An article by Peter Gabel from February 2005 - quite timely today.Fear of Gay Marriage
by Peter Gabel
It’s not who ya love
It’s do ya love.
—Michael Franti, Spearhead “Every minute they continue, those ceremonies are destroying my relationship with my wife.” These words, spoken by one of the men who filed suit to stop San Francisco Mayor Gavin Newsom from issuing marriage licenses to gays and lesbians earlier this year, provide great insight into the psychodynamics underlying the 2004 presidential election. For moral values like the belief in the sanctity of traditional marriage “between one man and one woman” are not abstract beliefs that rattle around in one’s head; they are rather powerfully rooted in the desire for human connection, and in the sense-memories that we all have of how we have previously lived out this connection in our sensual lives. When a plaintiff watching gays and lesbians get married on television claims that they are destroying his relationship with his wife, he is telling a truth about his experience—namely, that what he is watching makes him feel he is losing a sense of being connected to another person, that he is hemorrhaging, that he believes that the integrity of his own social existence is somehow being threatened and compromised.
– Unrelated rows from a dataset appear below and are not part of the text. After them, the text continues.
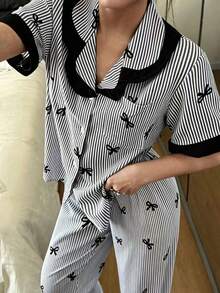 Dreamivo 2 Peças Conjunto de Pijama Feminino, Conjunto de Pijama com Estampa Listrada Preta, Babado, Manga Curta e Calça Longa, Pijama Confortável com Abertura Frontal e Lapela - Top de Manga Curta Macio com Botões e Calça Longa com Cintura Elástica, Roupa de Descanso Casual - Preto - Visão 4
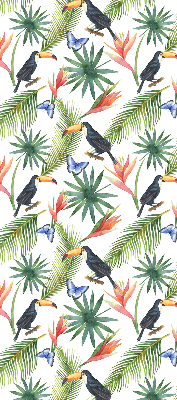 Store enrouleur occultant avec motif toucans sur les fleurs
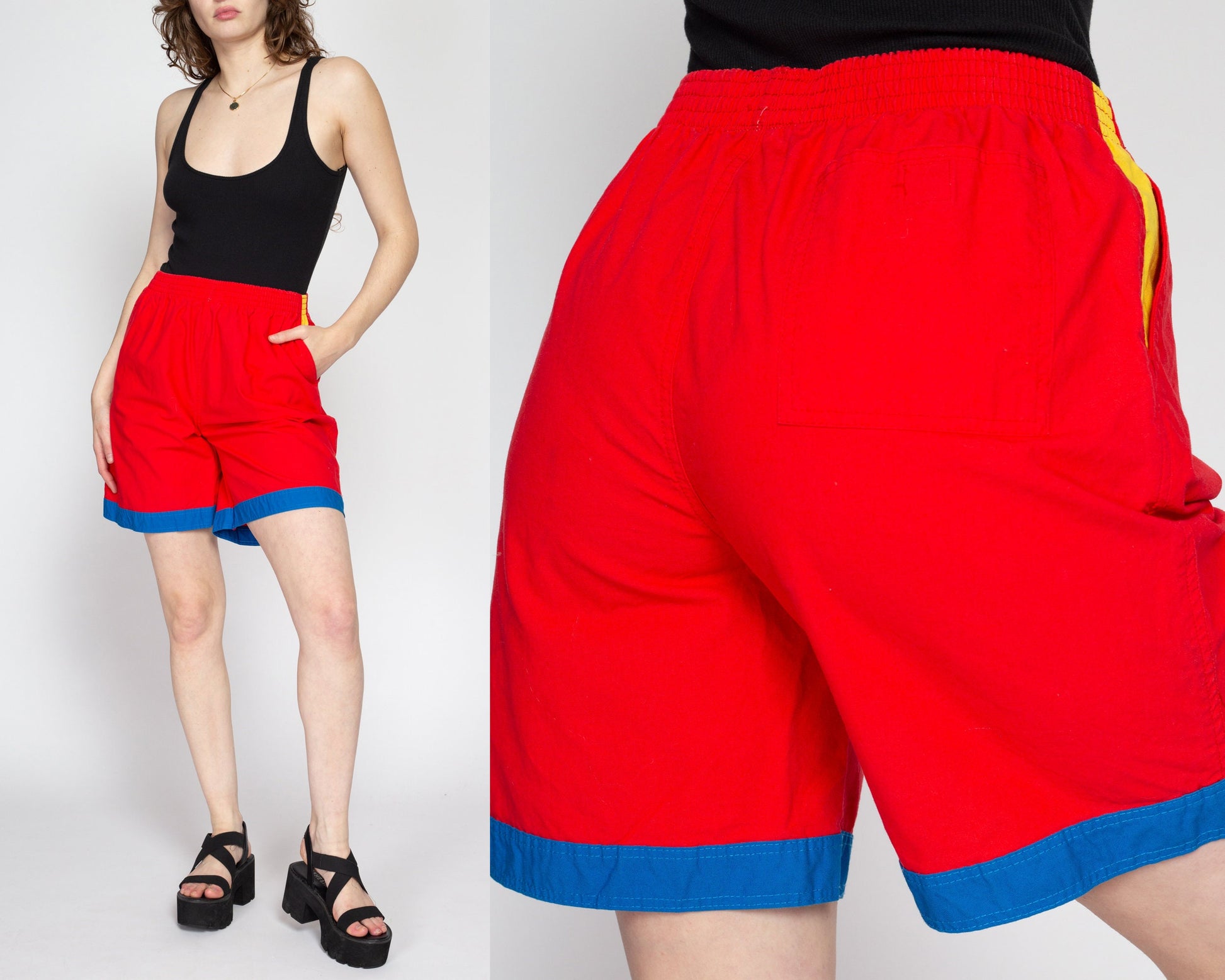 Medium 80s Red Color Block Shorts – Flying Apple Vintage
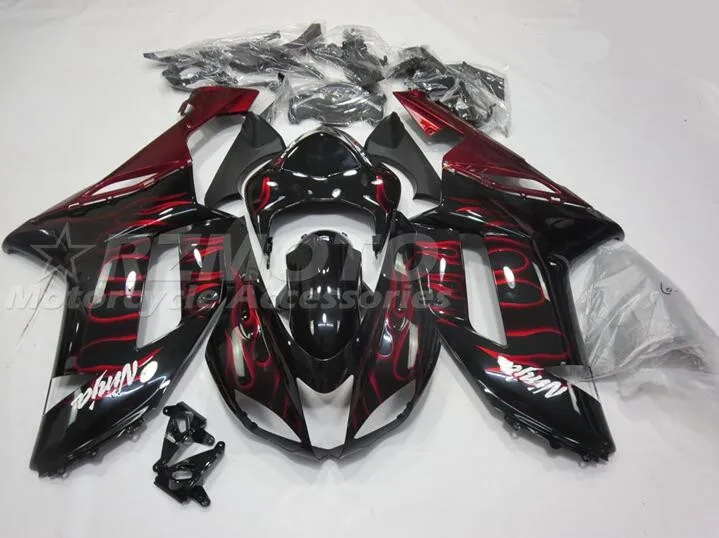 

Новый комплект обтекателей для мотоциклов ABS Aftermarket, подходит для Kawasaki Ninja ZX-6R ZX6R 2007 2008 07 08, кузов Красного пламени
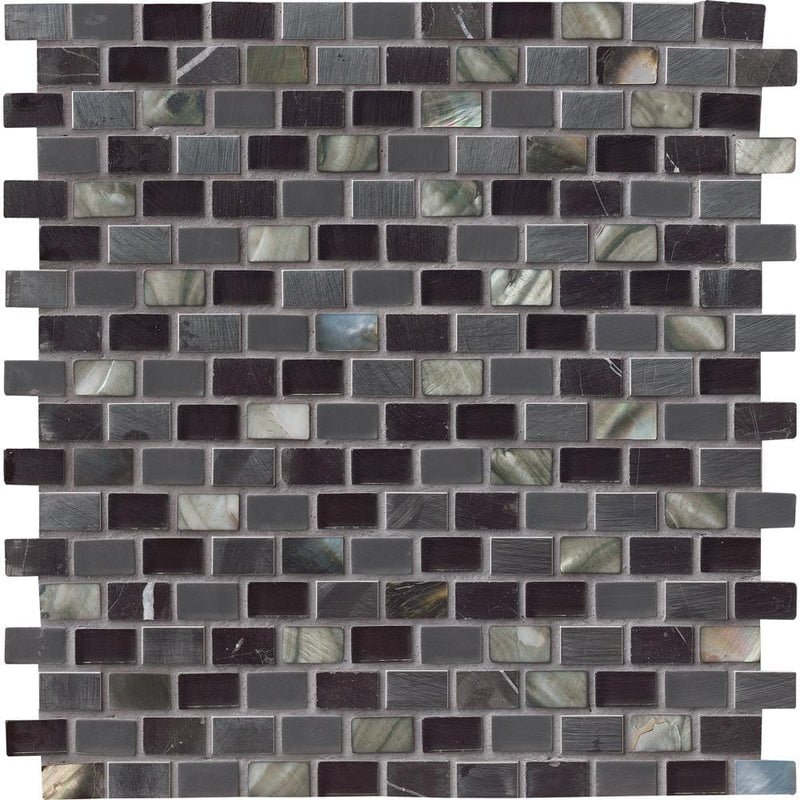 MSI Midnight Pearl Brick Glass Stone Metal Mosaic Tile 12"x12"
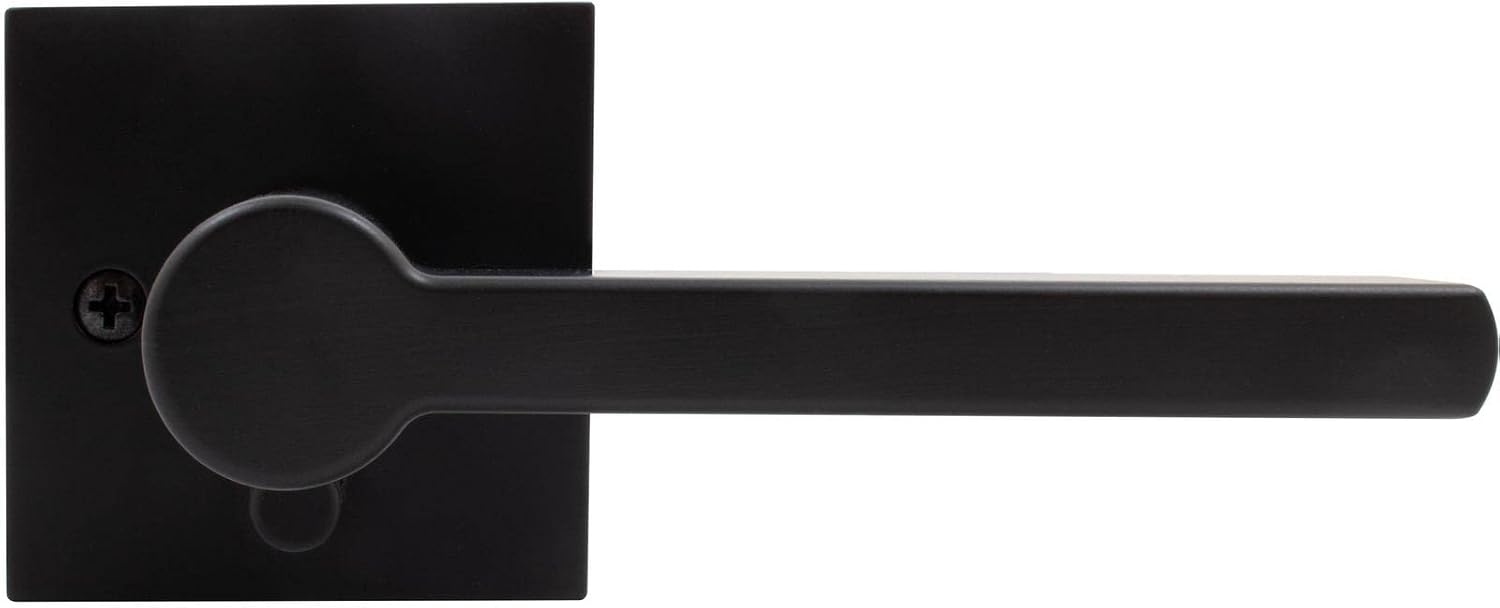 Stone Harbor Hardware Vienna Door Lever with Square Rosette, Privacy (Bed/Bath) Latch, Matte Black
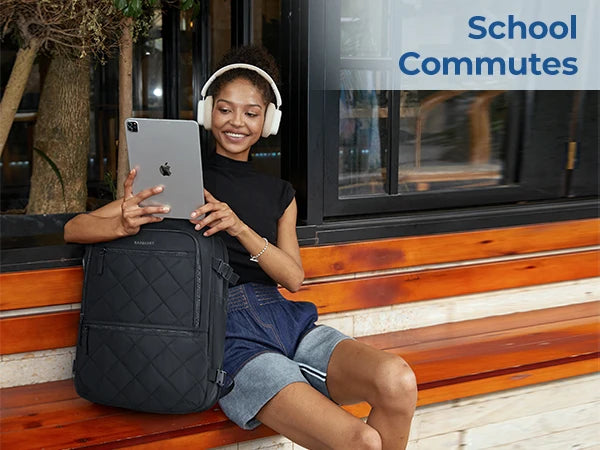 BAGSMART 3PCS Suitcases Travel Backpack for Women 17.3 inch Laptop Backpack Anti-theft Waterproof School Backpack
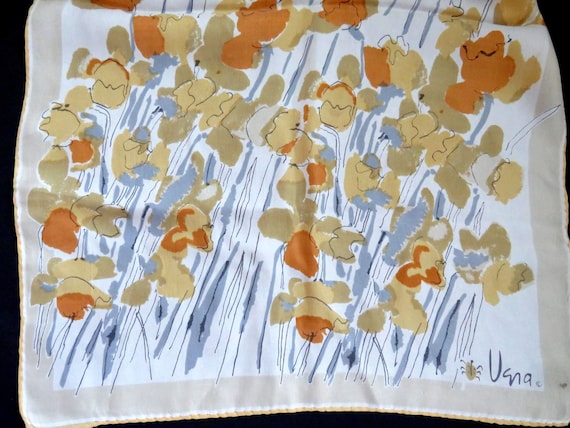 1950s Vera Neumann Long Floral Scarf - Golden Tan Brown Blue Gray Abstract Flowers - Womens Designer Fashion Accessories - Gift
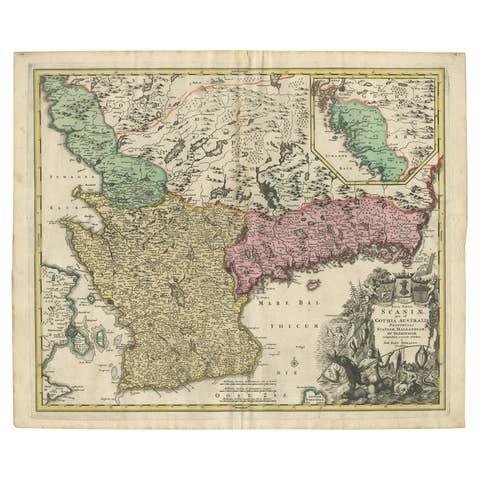 Southern Sweden Provinces Map – Homann’s ‘Nova Tabula Scaniae’, ca. 1730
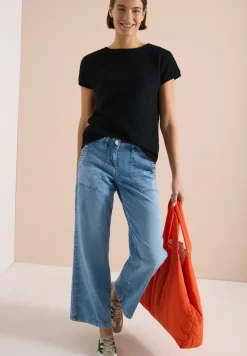 Shirt met boothals in ajour-look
Let me put my own moral values on the table: I think he’s crazy. He is living in fear that the blessing of erotic love between two persons other than himself can destroy the sense-memory that he has of the possibility of this erotic love for himself. But seen in a wider social context, his craziness may be eminently sane. For if the world around him is profoundly alienated; if he is living in a social environment characterized by mutual distance, detachment, and disconnection; if he is enveloped by deadening routines at work and media images at home that seem to be artificial (commercials), or relentlessly self-mocking (sitcoms), or hostile (MTV), or devoid of meaning (the interchangeable void of “the news”), then he rightly clings to what sense-memories he does have of actually being with someone, of not being alone.
This is not to say he actually has this experience in a complete way with his actual wife. If he did, it is very unlikely, and perhaps inconceivable, that he would want to deny this experience to someone else. It is rather that erotic expression as the realization of his longing for social connection is encoded in his memory from early infancy as the sensual holding that he experienced with a mothering one, and that this memory has been elaborated in later years through the whole of his relationship with women, including his wife. The later experience, perhaps supported by the fellow-feeling of the church group and by the positive erotic charge emitted by the evangelical preacher, sustains and is fused with the earlier enfolding experience, the initial laying down of heterosexual safety. In an alienated world in which people feel mainly alone and constantly threatened with an even more devastating isolation, they understandably cling to whatever sense-memories of erotic connection they have, and they guard these memories themselves against the threat of loss that surrounds them.
Indeed one of the problems with heterosexual marriage as an institution is precisely that it sacralizes the separation of the erotic couple from the wider community—it channels the flow of deeply bonding social energy into one single path and thus may contribute to blocking that flow outward toward those whom we encounter everywhere else around us. This isn’t to say that people should not hold public ceremonies to affirm their love for one another before and within the whole community. It’s rather to say that the embrace of church/state-sponsored marriage to do so is embracing a social institution whose ceremony of vows, sealed with a kiss, does in fact carry with it an erotic history that has separated the couple from the wider community. In Christopher Lasch’s famous phrase, the family becomes a “haven in a heartless world,” but the world is heartless in part because of the separation of loving energy from it and the pooling up of that energy within the haven itself. In such circumstances, the haven cannot really be a haven any more than one can really chew on an impacted tooth. The erotic isolation of the family may be a cause of domestic violence, but it remains rational for people to cling to it for dear life if the alternative is the panic of a more devastating isolation.